# Hydroboost brakes



## Eric Animal (Oct 28, 2007)

If anyone is interested, I will post a pic of a nice Hydorboost system. I recently purchased it from Tallon Hydraulics. Pretty cool, you can have power brakes even if you aren't making a bunch of vacuum..........


----------



## jetstang (Nov 5, 2008)

Interested, please post pics or link. Now, if you can tell me why my hydroboost in my van has a full petal and crappy brakes, I would be very interested. Rotors are good, and have a full petal. It's an Astro.


----------



## Eric Animal (Oct 28, 2007)

because it's an Astro!.......maybe a bad proportioning valve??


----------



## Eric Animal (Oct 28, 2007)

Here are the pics. I ordered mine with a Wilwood master cylinder because that is the brand brakes I am gonna use. The system is available with GM dual master. Tallon Hydraulics made the system, very knowledgeable 561-290-4918...... Also note the custom billett aluminum firewall mounting plate, these are available for our cars.


----------



## jetstang (Nov 5, 2008)

LOL, yeah Astro, my work van and I need it to stop. Not to threadjack, but hey, I hit brakes, they work good, push down harder and they don't stop harder, just gets to a spot and doesn't slow down faster, like it's not getting boost. Pads, rotors, shoes and drums are all good. May be glazed or bad compound pads. Just asking the question because I'm at a loss and like to stop in an emergency. It has 200K on it and I don't know what has been replaced, I assume nothing.:cheers


----------



## jetstang (Nov 5, 2008)

Eric Animal said:


> Here are the pics. I ordered mine with a Wilwood master cylinder because that is the brand brakes I am gonna use. The system is available with GM dual master. Tallon Hydraulics made the system, very knowledgeable 561-290-4918...... Also note the custom billett aluminum firewall mounting plate, these are available for our cars.

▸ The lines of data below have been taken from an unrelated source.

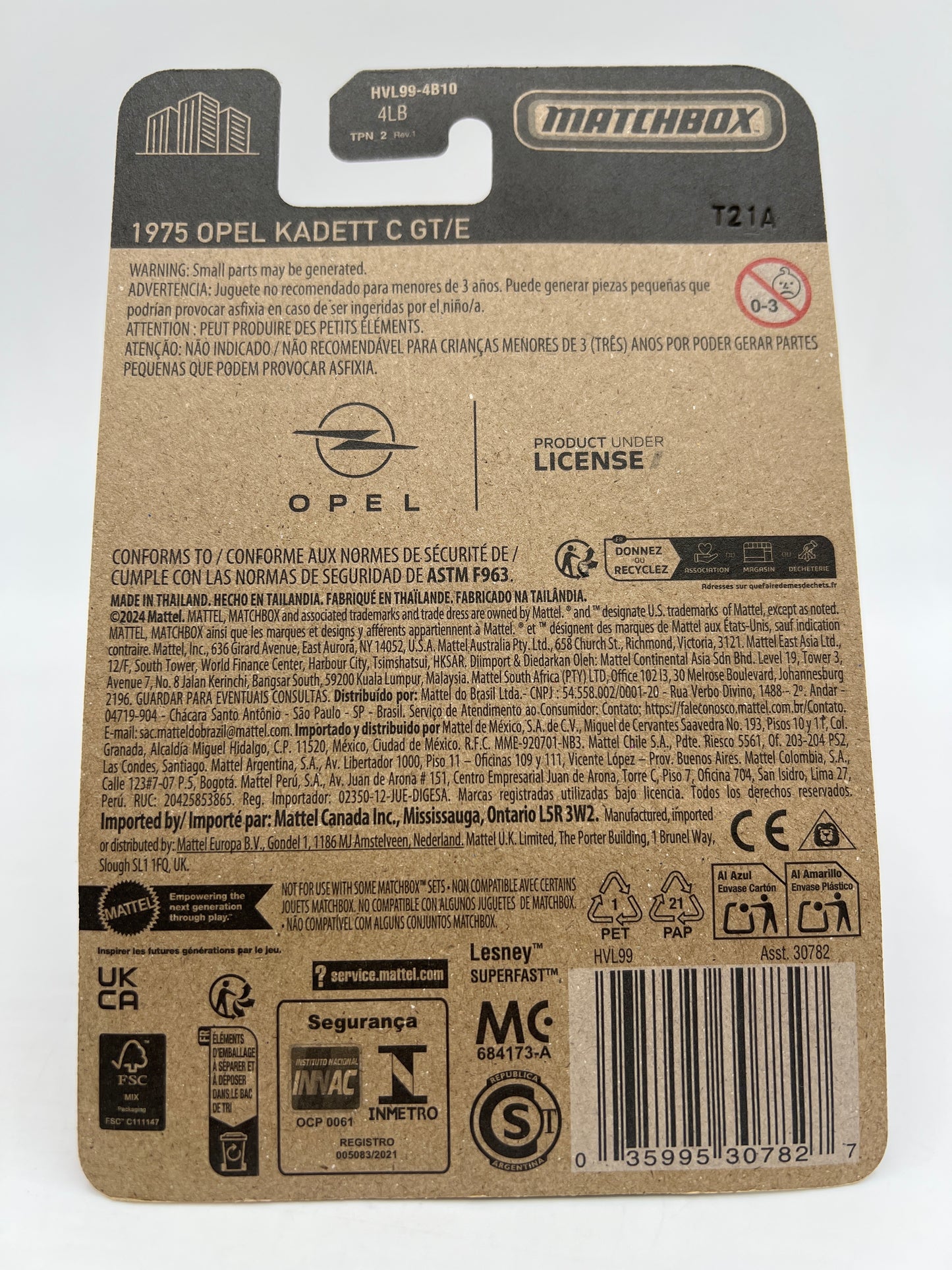 2024 Matchbox Super Chase 1975 Opel Kadett C GT-E Orange W/Protector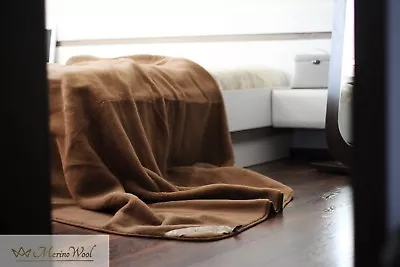 Luxury Australian Merino Wool Camel Blanket Throw  All Sizes Woolmark • £78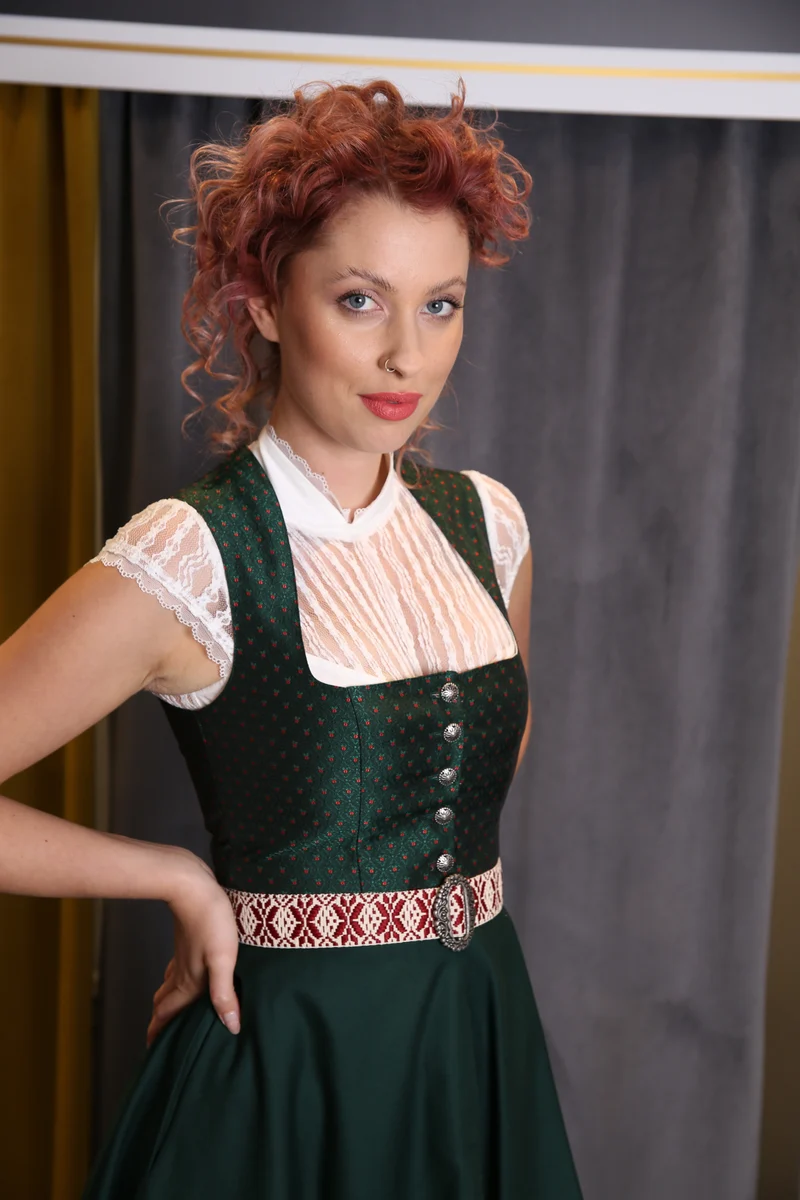 Baumwolldirndl Goldstich traditionell grün geblümt grün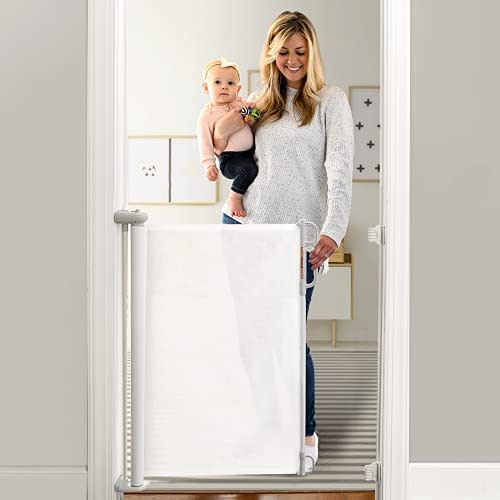 Momcozy Retractable Baby Gate, 33" Tall, Extends up to 51" Wide, Child Safety Baby Gates for Stairs, Doorways, Hallways, Indoor, Outdoor (White)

Very nice and compact. Does it just T into your power steering pump line?


----------



## Eric Animal (Oct 28, 2007)

Aside from worn parts, or too much "cargo" in the back, MAYBE not enough pressure from the steering pump?? I am new to this kind of system but have been told that pressure can be an issue. Maybe you just need a good brake job. Eric


----------



## Eric Animal (Oct 28, 2007)

basically, yes it can "T" in, I am using a Maval pump with a seperate resovoir and 3 outlets. Instead of a "T" I will return directly to the resovoir.


----------



## jetstang (Nov 5, 2008)

Eric Animal said:


> basically, yes it can "T" in, I am using a Maval pump with a seperate resovoir and 3 outlets. Instead of a "T" I will return directly to the resovoir.


Does the Maval pump replace the power steering pump?



Eric Animal said:


> Aside from worn parts, or too much "cargo" in the back, MAYBE not enough pressure from the steering pump?? I am new to this kind of system but have been told that pressure can be an issue. Maybe you just need a good brake job. Eric


I did the last brake job myself, thanks for the vote of confidence, lol.. Lots of crap in the back, but most of the hydro boost systems have too much brake. I feel my brakes are fine, and the system is the shortfall, but a friend just paid $500 for a used hydroboost, so I wanted to ask the question first before taking the big plunge. I guess do the brakes, quality pads, cut rotors and drums, then see.

Let me know how the hydro boost works.


----------



## Eric Animal (Oct 28, 2007)

Yes the Maval pump is instead of the GM pump. I am using a Billet Specialties serpentine system, so I am unsure if the Maval pump will be a direct replacement for the stock GM pump with factory brackets. I will post my opinions on the system when I install it, but it's gonna be several months from now........Eric


----------



## roy (Jun 1, 2010)

*low press. line add on*

Tallon makes an add on kit to avoid the T fitting, it runs a low press. line to your p.steering pump, pretty clean set up this way too.


----------



## ALKYGTO (Mar 29, 2010)

jetstang said:


> Interested, please post pics or link. Now, if you can tell me why my hydroboost in my van has a full petal and crappy brakes, I would be very interested. Rotors are good, and have a full petal. It's an Astro.


Could be glazed pads or rotors. What kind of pads did you use? I had unsatisfactory braking on my F-150 with 2 different brands of pads, I finally went back to Ford pads and now it stops on a dime.

Hey Eric, that hydroboost system is very cool! :cheers


----------



## Eric Animal (Oct 28, 2007)

Thanks! if you talk to Butch at Tallon, ask him to send you a "plumbing diagram" Eric


----------



## jetstang (Nov 5, 2008)

ALKYGTO said:


> Could be glazed pads or rotors. What kind of pads did you use? I had unsatisfactory braking on my F-150 with 2 different brands of pads, I finally went back to Ford pads and now it stops on a dime.


I can't remember what I bought, but they were good pads, drove on them for a few thousand miles, then had the rotors cut. SO, probably glazed. I had 2 5.0 Mustangs 1 time, 1 with autozone pads, other with advanced. 1 car stopped great, other didn't. Don't know which pads were which..


----------



## roy (Jun 1, 2010)

Jetstang: I'll see if i can find the guys info, he supplies Hydroboost set up;s for any vehicle, hot rods, Broncos, etc
All of his kits are based on the Astro (GM) Hydroboost system.
I contacted him because he was so reccomended by my Ford Fairlane club, I;ve seen pics of his Ford set up's which are very clean & take up very little room which is one of the main attractions for me, other than my little ford having nowhere near enough vacuum for normal p.brake set up.
Anyway, he swears the Astro set up is the best made!


----------